**DATA SECTION:**

****************************************

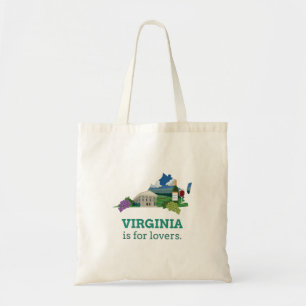 Virginia is for Lovers Tragetasche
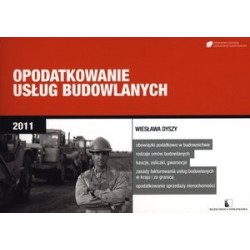 Opodatkowanie usług...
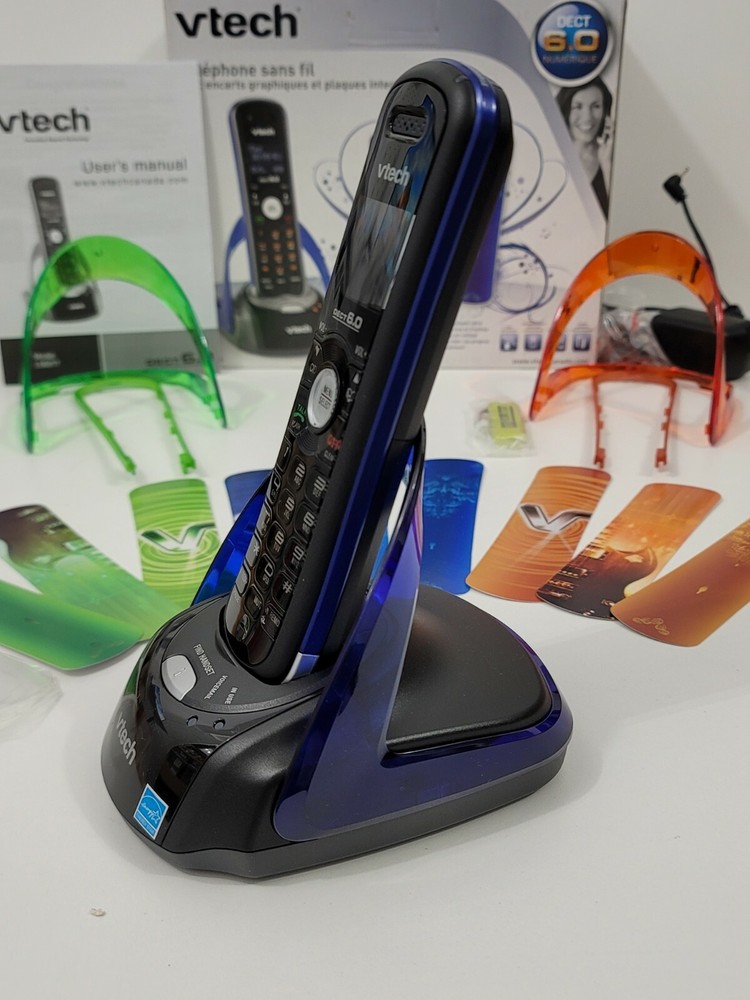 Vtech cordless phone customizable DECT 6.0 digital model LS6217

****************************************

**ABOUT THIS EXERCISE:**
Write the listing above out again word for word, excluding all images.

**RESPONSE TO THE TASK:**
 Virginia is for Lovers Tragetasche
 Opodatkowanie usług...
 Vtech cordless phone customizable DECT 6.0 digital model LS6217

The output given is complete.